The aim is to particularly combine workplace training and apprenticeships as a method to attain new skills adapted to new jobs. This combined method is anticipated to promote better anticipation of future skills needs, develop better matching between skills and labour market needs, bridge the gap between the worlds of education and work.
The Department of Employment, Social Affairs and Inclusion at the European Commission has published a factsheet titled “Addressing youth employment in the EU” with figures of youth participation in the labour market:
• More than 5 million young people aged 15-24 are unemployed in the EU today (representing unemployment rate of 21.9%).
• More than 33% of unemployed people under 25 had been unemployed for more than a year in 2013.
• 7.5 million young Europeans between 15 and 24 are not employed, not in education and not in training (NEETs).
• The young are at much greater risk in terms of precariousness: 42.7% of youth employees were on temporary contracts in 2013 compared to 13.8% of the overall working age population, and 31.9% had part-time jobs, compared to 19.6% of workers overall.
• Young people have been disproportionately hit by the crisis.
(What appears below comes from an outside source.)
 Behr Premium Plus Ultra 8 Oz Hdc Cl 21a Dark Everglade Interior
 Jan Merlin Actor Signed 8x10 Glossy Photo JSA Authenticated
Over the last four years, the overall employment rates for young people fell three times as much as for adults.
•There is a gap of nearly 50 percentage points between the EU country with the lowest rate of youth unemployment (Germany at 7.8% in July 2014) and with the EU country with the highest rate, Spain (53.8% in July 2014).
•There are significant skills mismatches on Europe’s labour market.
•Despite the crisis, there are over 2 million unfilled vacancies in the EU.
Taking into consideration these alarming facts, The European Alliance for Apprenticeships (EAfA), jointly coordinated by DG Education and Culture and DG Employment, Social Affairs and Inclusion, aims to bring together public authorities, businesses, social partners, VET providers, youth representatives, and other key actors in order to promote apprenticeship schemes and initiatives across Europe with clearly articulated goals such as: apprenticeship systems reform, promote the benefits of apprenticeships, smart use of funding and resources. However, the success of this initiative will heavily rely on the commitment of its partners, notably through the network of ambassadors and pledges by stakeholders.